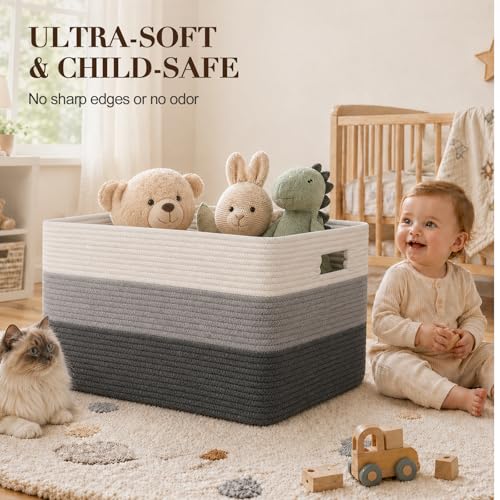 Image of OIAHOMY Large Blanket Basket For Living Room, Rectangle Woven Baskets for Storage, Nursery Toy Storage With Handle-22 inchx17 inchx12 inch-Gradient Dark Grey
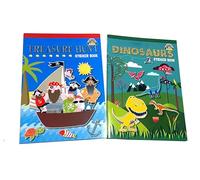 Livre d'autocollants - Combo of 2 - Chasse au trésor et dinosaures - rempli d'activités et de jeux. Scannez pour écouter de la musique amusante.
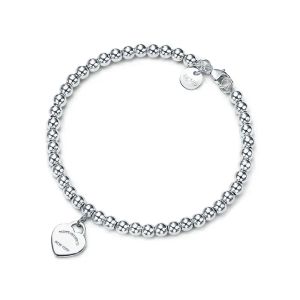 Popular S925 Silver 4mm Round Beads Heart Shaped Ti ffan Bracelet Thicker Bottom Plating Boudoir Commemorative Fashion Glamour Jewellery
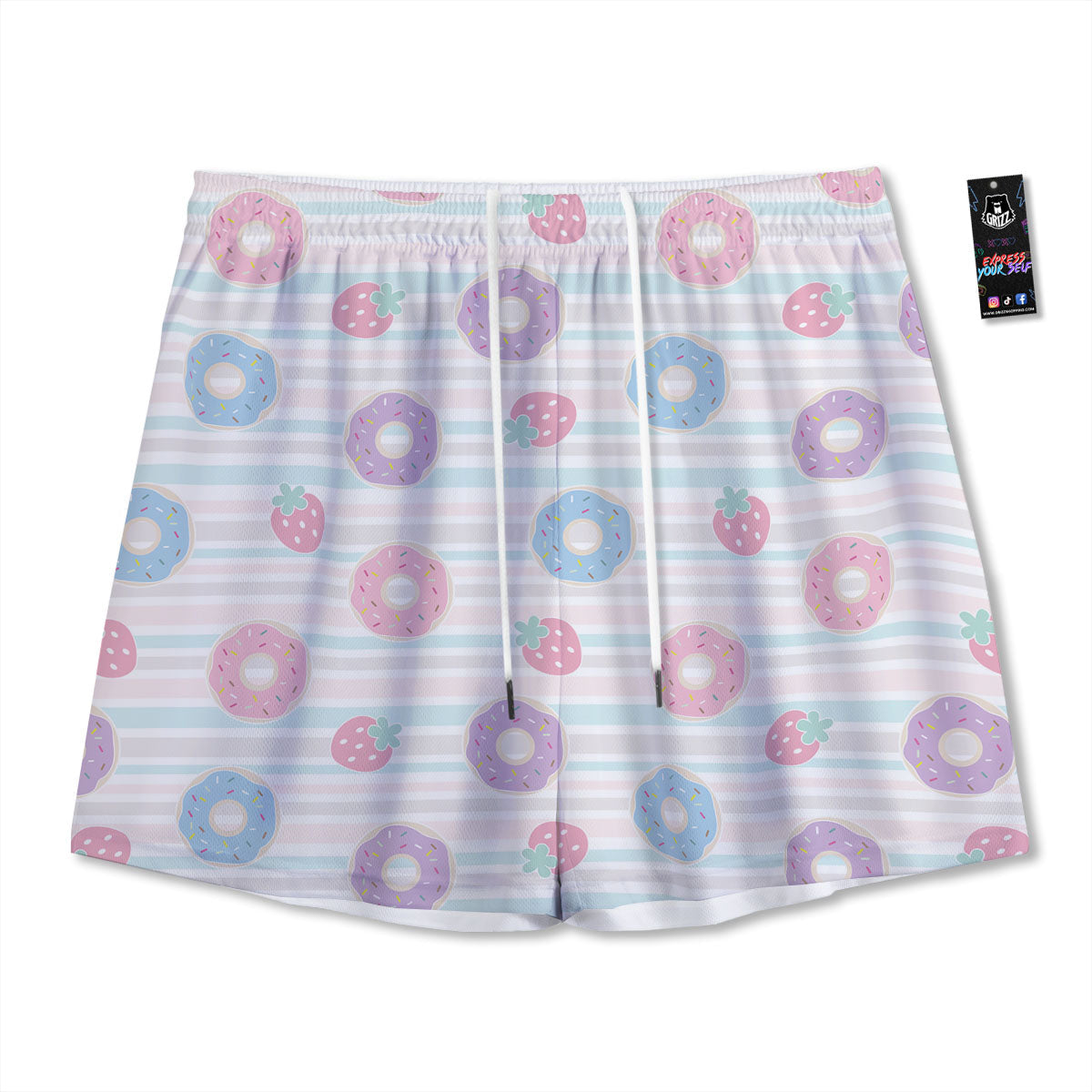Donut Pastel Print Pattern Mesh Shorts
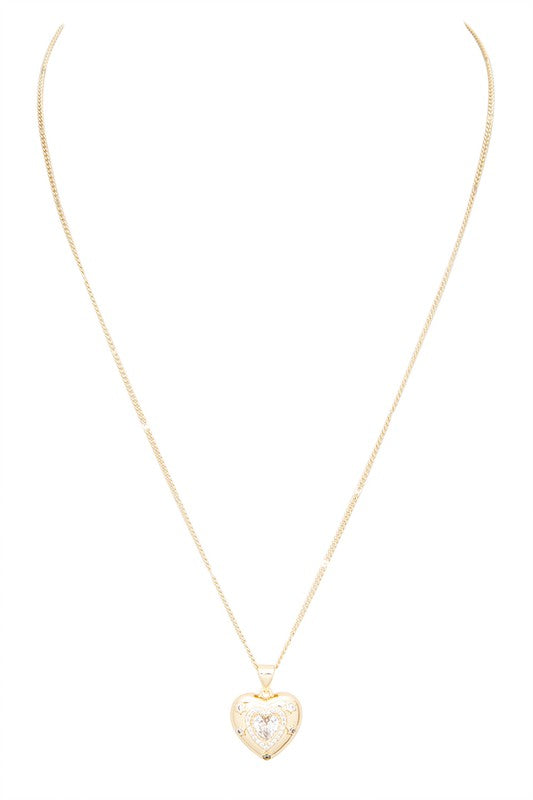 CZ Heart Pendant Necklace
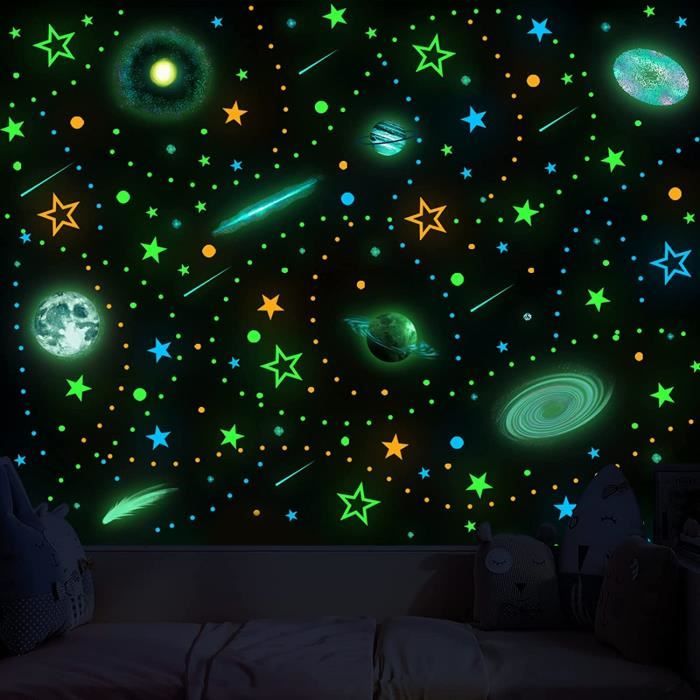 Étoiles Phosphorescentes Plafond, 497 Stickers Muraux 3D Amovibles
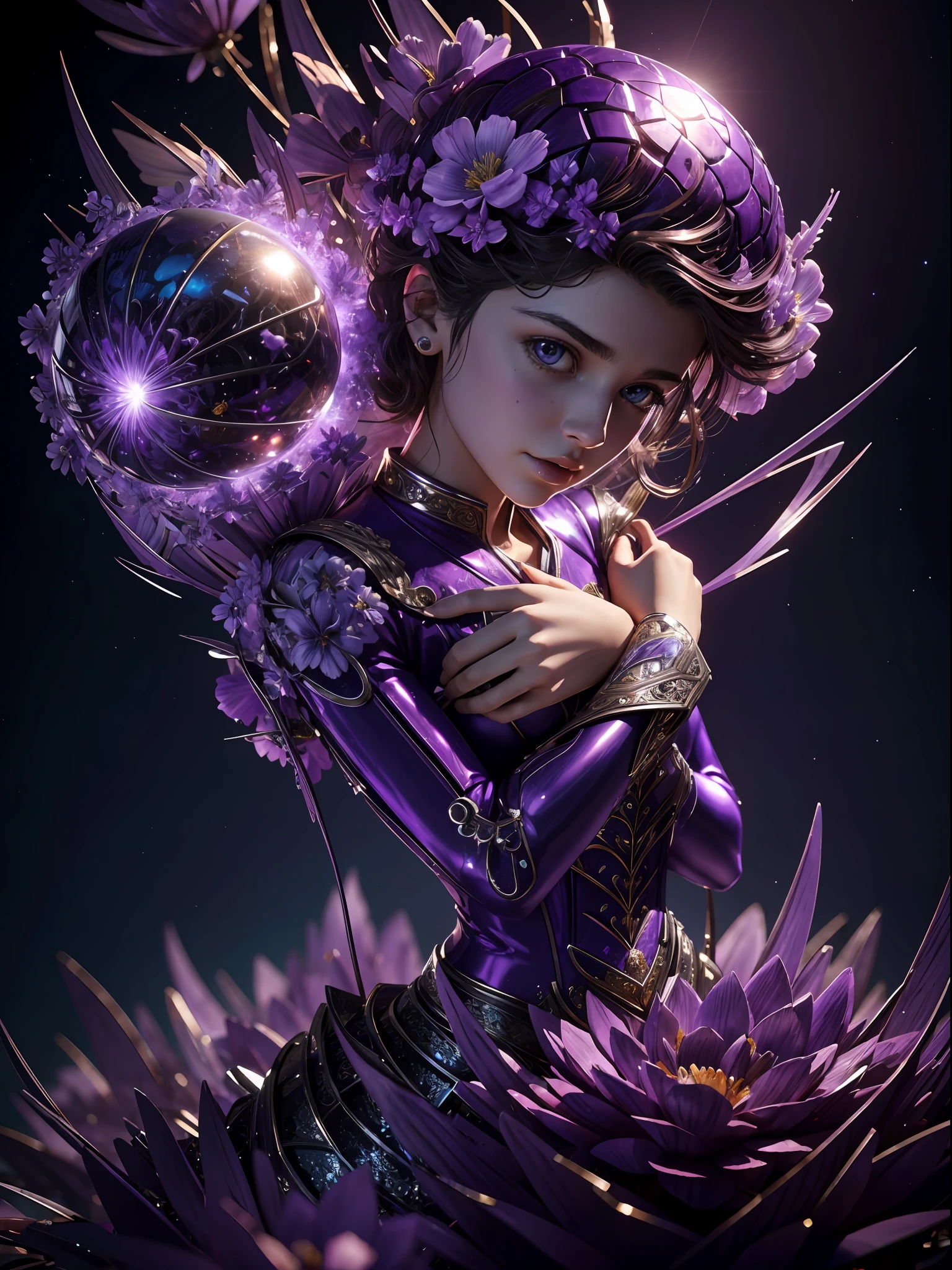 Incredible and spectacular scenes, ((high quality)), ((detailed)), ((fantasy)), "purple plasma brain, purple plasma body, realistic, best quality, 4K, flowers trapped in blisters at the top realistic, (handsome ager and beautiful girl hugging), full body portrait", image quality (3D rendering effect) , exquisite details,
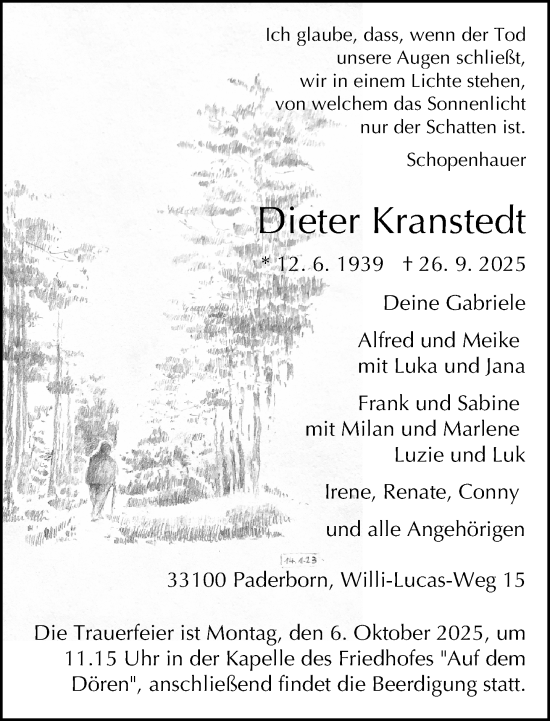 Traueranzeige von Dieter Kranstedt von Neue Westfälische und Westfalen-Blatt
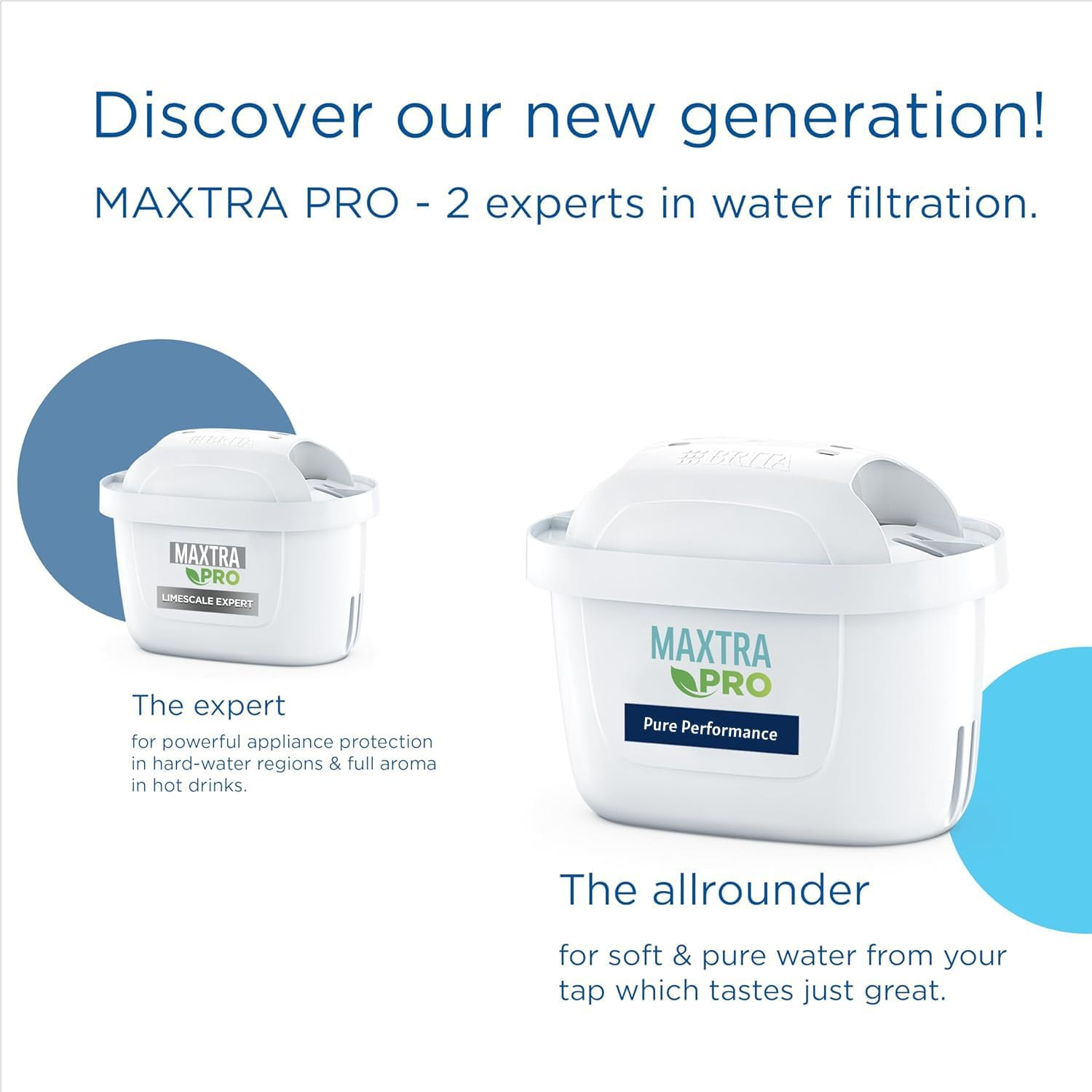 BRITA MAXTRA PRO Pure Performance Water Filter Cartridges, Reduces Chlorine and Limescale, Fits All MAXTRA Jugs and Flow Systems, Bio-Based Plastic, 2 Pack image number 4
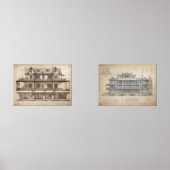 stijl architectuurtekeningen Ephemera Muurkunst Sets (Voorkant)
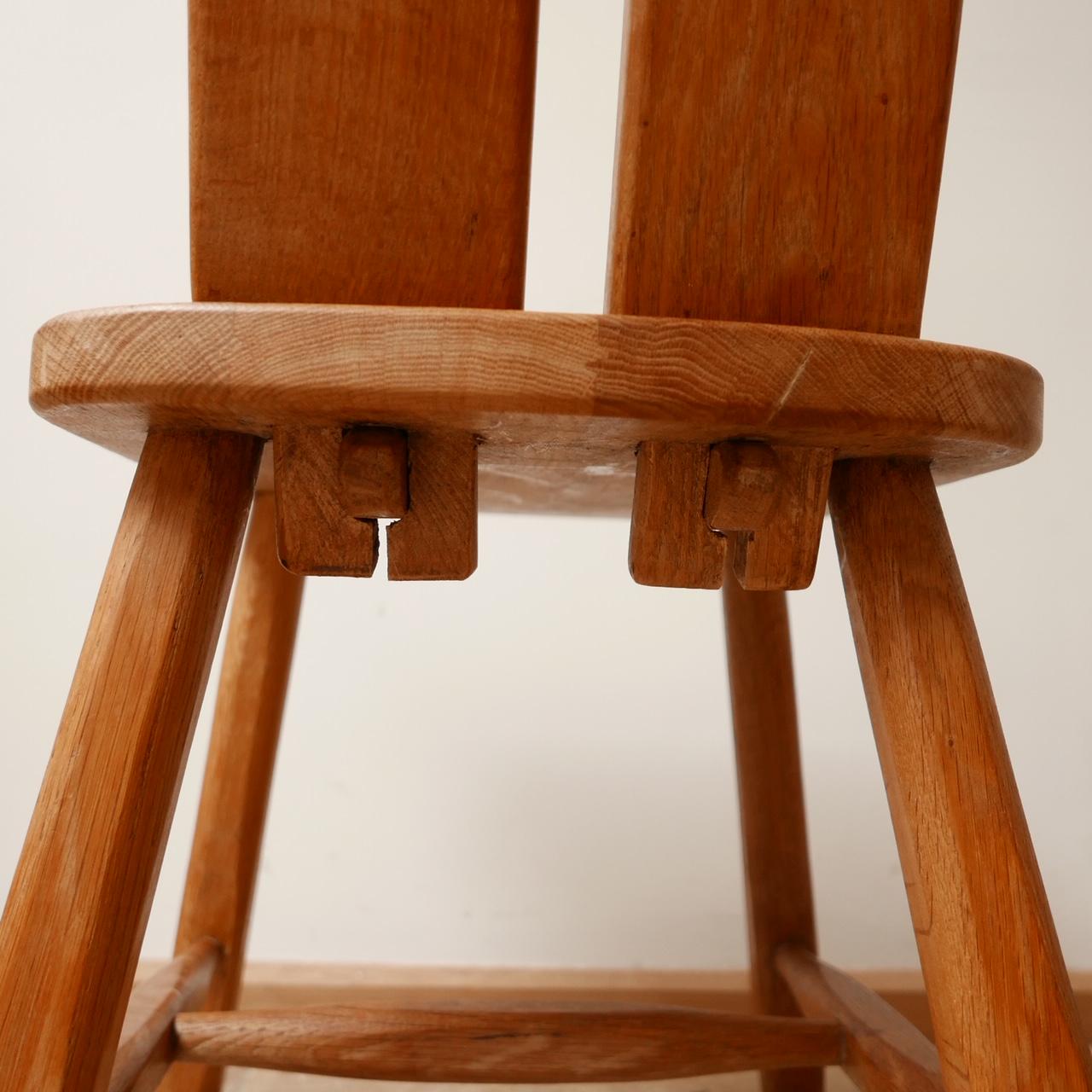 Set of Six Oak Brutalist Belgium Dining Chairs in Manner of De Puydt '6' 2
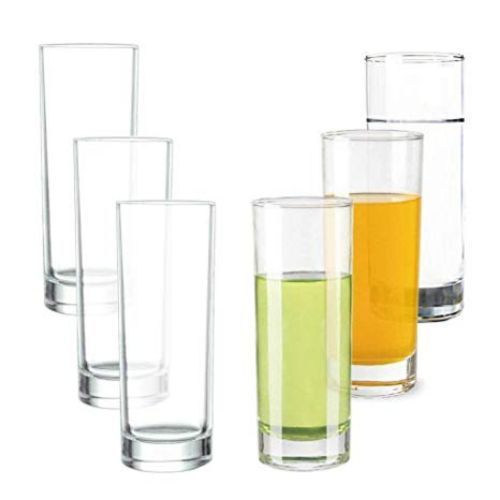 6 Pieces Of Long Plain Water/Juice Glasses - Colorless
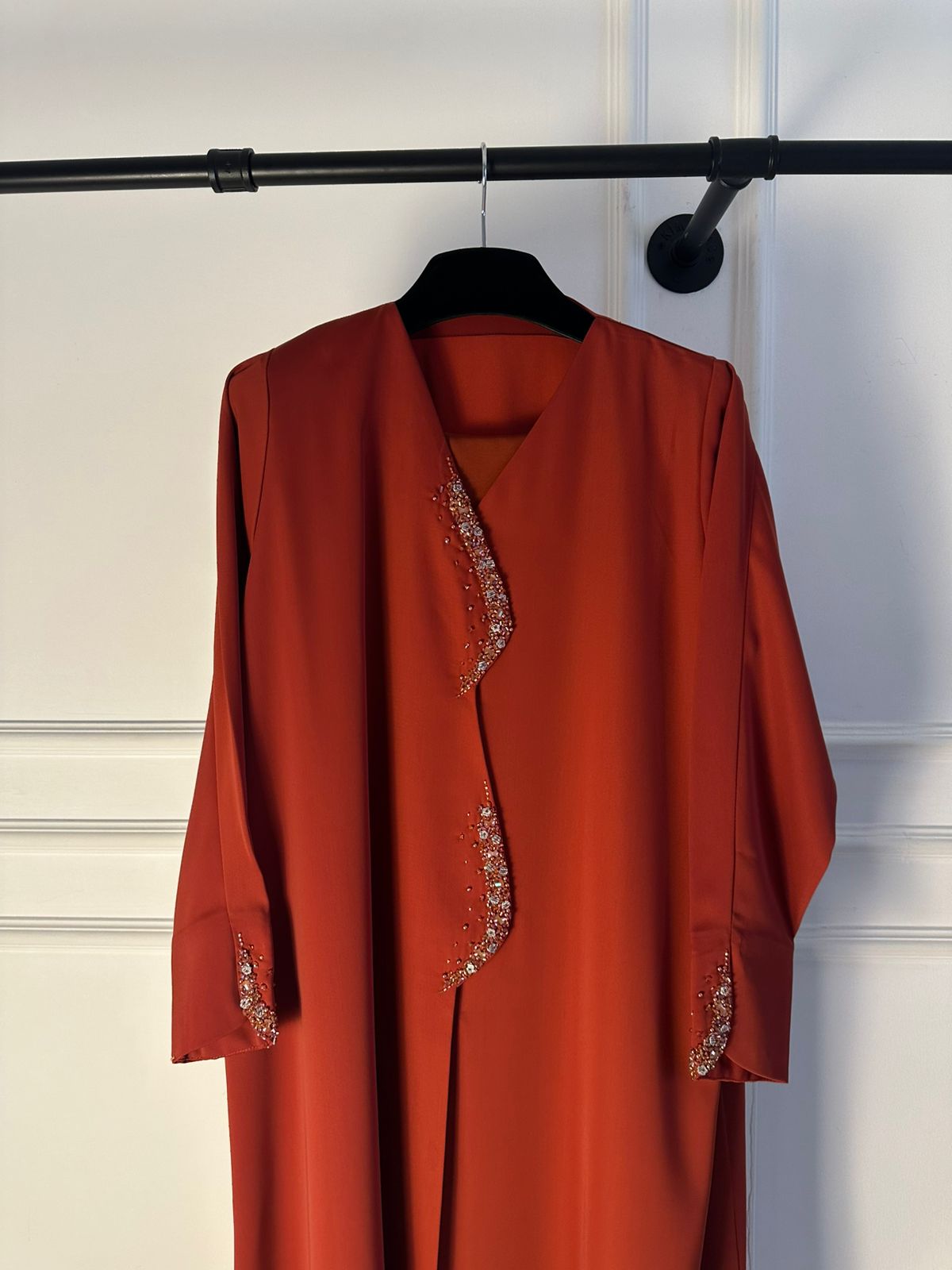C 2256 Flame Orange Beaded Abaya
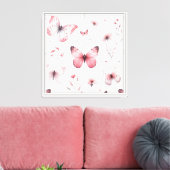 Roze Vlinders Canvas Afdruk (Insitu (Woonkamer))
----
» **Exercise instructions**: Copy the records exactly. Skip the images.

» **Solution to this problem**:
 Image of OIAHOMY Large Blanket Basket For Living Room, Rectangle Woven Baskets for Storage, Nursery Toy Storage With Handle-22 inchx17 inchx12 inch-Gradient Dark Grey
 Livre d'autocollants - Combo of 2 - Chasse au trésor et dinosaures - rempli d'activités et de jeux. Scannez pour écouter de la musique amusante.
 Popular S925 Silver 4mm Round Beads Heart Shaped Ti ffan Bracelet Thicker Bottom Plating Boudoir Commemorative Fashion Glamour Jewellery
Donut Pastel Print Pattern Mesh Shorts
 CZ Heart Pendant Necklace
 Étoiles Phosphorescentes Plafond, 497 Stickers Muraux 3D Amovibles
 Incredible and spectacular scenes, ((high quality)), ((detailed)), ((fantasy)), "purple plasma brain, purple plasma body, realistic, best quality, 4K, flowers trapped in blisters at the top realistic, (handsome ager and beautiful girl hugging), full body portrait", image quality (3D rendering effect) , exquisite details,
 Traueranzeige von Dieter Kranstedt von Neue Westfälische und Westfalen-Blatt
 BRITA MAXTRA PRO Pure Performance Water Filter Cartridges, Reduces Chlorine and Limescale, Fits All MAXTRA Jugs and Flow Systems, Bio-Based Plastic, 2 Pack image number 4
 stijl architectuurtekeningen Ephemera Muurkunst Sets (Voorkant)
 Set of Six Oak Brutalist Belgium Dining Chairs in Manner of De Puydt '6' 2
 6 Pieces Of Long Plain Water/Juice Glasses - Colorless
C 2256 Flame Orange Beaded Abaya
 Roze Vlinders Canvas Afdruk (Insitu (Woonkamer))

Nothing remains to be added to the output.